>>>>

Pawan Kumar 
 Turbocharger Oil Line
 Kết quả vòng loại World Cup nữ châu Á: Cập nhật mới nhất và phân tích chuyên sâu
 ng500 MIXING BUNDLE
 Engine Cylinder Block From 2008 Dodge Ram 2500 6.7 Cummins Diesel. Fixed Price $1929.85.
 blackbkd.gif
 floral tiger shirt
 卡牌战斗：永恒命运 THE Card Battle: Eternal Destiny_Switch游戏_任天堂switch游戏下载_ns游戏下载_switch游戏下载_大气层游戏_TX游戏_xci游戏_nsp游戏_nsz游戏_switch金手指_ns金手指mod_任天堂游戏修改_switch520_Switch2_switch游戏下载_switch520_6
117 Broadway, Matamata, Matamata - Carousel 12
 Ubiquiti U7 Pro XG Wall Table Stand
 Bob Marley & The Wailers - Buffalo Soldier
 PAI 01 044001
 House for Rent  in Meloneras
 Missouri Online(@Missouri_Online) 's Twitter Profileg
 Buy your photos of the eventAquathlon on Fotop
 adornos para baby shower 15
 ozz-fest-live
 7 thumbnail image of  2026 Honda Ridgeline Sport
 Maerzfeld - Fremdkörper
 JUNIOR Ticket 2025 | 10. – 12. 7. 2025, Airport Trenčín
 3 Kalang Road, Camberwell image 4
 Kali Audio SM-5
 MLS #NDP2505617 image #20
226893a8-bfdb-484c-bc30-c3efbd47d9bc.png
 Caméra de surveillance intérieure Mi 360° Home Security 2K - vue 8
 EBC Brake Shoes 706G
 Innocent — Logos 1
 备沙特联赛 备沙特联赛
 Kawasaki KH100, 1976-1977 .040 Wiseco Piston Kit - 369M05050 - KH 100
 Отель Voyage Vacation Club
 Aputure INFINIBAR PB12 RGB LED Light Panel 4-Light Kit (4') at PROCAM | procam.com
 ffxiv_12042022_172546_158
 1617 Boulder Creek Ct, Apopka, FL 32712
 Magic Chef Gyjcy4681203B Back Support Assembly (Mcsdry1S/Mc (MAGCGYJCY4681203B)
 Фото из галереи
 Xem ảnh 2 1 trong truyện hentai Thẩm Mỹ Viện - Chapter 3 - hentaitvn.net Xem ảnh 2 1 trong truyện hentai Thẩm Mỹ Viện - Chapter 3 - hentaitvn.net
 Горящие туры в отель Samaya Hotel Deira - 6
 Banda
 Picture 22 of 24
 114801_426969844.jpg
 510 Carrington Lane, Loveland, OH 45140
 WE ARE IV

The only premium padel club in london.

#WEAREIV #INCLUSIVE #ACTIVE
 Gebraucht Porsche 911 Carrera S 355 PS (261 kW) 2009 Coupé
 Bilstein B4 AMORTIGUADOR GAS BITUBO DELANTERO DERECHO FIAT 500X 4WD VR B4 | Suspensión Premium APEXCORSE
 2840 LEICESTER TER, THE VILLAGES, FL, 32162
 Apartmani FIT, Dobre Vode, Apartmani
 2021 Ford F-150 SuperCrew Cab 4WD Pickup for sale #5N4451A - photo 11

<<<<

Exercise: Your task is to return the full listing exactly as it was given.

Task answer:
Pawan Kumar 
 Turbocharger Oil Line
 Kết quả vòng loại World Cup nữ châu Á: Cập nhật mới nhất và phân tích chuyên sâu
 ng500 MIXING BUNDLE
 Engine Cylinder Block From 2008 Dodge Ram 2500 6.7 Cummins Diesel. Fixed Price $1929.85.
 blackbkd.gif
 floral tiger shirt
 卡牌战斗：永恒命运 THE Card Battle: Eternal Destiny_Switch游戏_任天堂switch游戏下载_ns游戏下载_switch游戏下载_大气层游戏_TX游戏_xci游戏_nsp游戏_nsz游戏_switch金手指_ns金手指mod_任天堂游戏修改_switch520_Switch2_switch游戏下载_switch520_6
117 Broadway, Matamata, Matamata - Carousel 12
 Ubiquiti U7 Pro XG Wall Table Stand
 Bob Marley & The Wailers - Buffalo Soldier
 PAI 01 044001
 House for Rent  in Meloneras
 Missouri Online(@Missouri_Online) 's Twitter Profileg
 Buy your photos of the eventAquathlon on Fotop
 adornos para baby shower 15
 ozz-fest-live
 7 thumbnail image of  2026 Honda Ridgeline Sport
 Maerzfeld - Fremdkörper
 JUNIOR Ticket 2025 | 10. – 12. 7. 2025, Airport Trenčín
 3 Kalang Road, Camberwell image 4
 Kali Audio SM-5
 MLS #NDP2505617 image #20
226893a8-bfdb-484c-bc30-c3efbd47d9bc.png
 Caméra de surveillance intérieure Mi 360° Home Security 2K - vue 8
 EBC Brake Shoes 706G
 Innocent — Logos 1
 备沙特联赛 备沙特联赛
 Kawasaki KH100, 1976-1977 .040 Wiseco Piston Kit - 369M05050 - KH 100
 Отель Voyage Vacation Club
 Aputure INFINIBAR PB12 RGB LED Light Panel 4-Light Kit (4') at PROCAM | procam.com
 ffxiv_12042022_172546_158
 1617 Boulder Creek Ct, Apopka, FL 32712
 Magic Chef Gyjcy4681203B Back Support Assembly (Mcsdry1S/Mc (MAGCGYJCY4681203B)
 Фото из галереи
 Xem ảnh 2 1 trong truyện hentai Thẩm Mỹ Viện - Chapter 3 - hentaitvn.net Xem ảnh 2 1 trong truyện hentai Thẩm Mỹ Viện - Chapter 3 - hentaitvn.net
 Горящие туры в отель Samaya Hotel Deira - 6
 Banda
 Picture 22 of 24
 114801_426969844.jpg
 510 Carrington Lane, Loveland, OH 45140
 WE ARE IV

The only premium padel club in london.

#WEAREIV #INCLUSIVE #ACTIVE
 Gebraucht Porsche 911 Carrera S 355 PS (261 kW) 2009 Coupé
 Bilstein B4 AMORTIGUADOR GAS BITUBO DELANTERO DERECHO FIAT 500X 4WD VR B4 | Suspensión Premium APEXCORSE
 2840 LEICESTER TER, THE VILLAGES, FL, 32162
 Apartmani FIT, Dobre Vode, Apartmani
 2021 Ford F-150 SuperCrew Cab 4WD Pickup for sale #5N4451A - photo 11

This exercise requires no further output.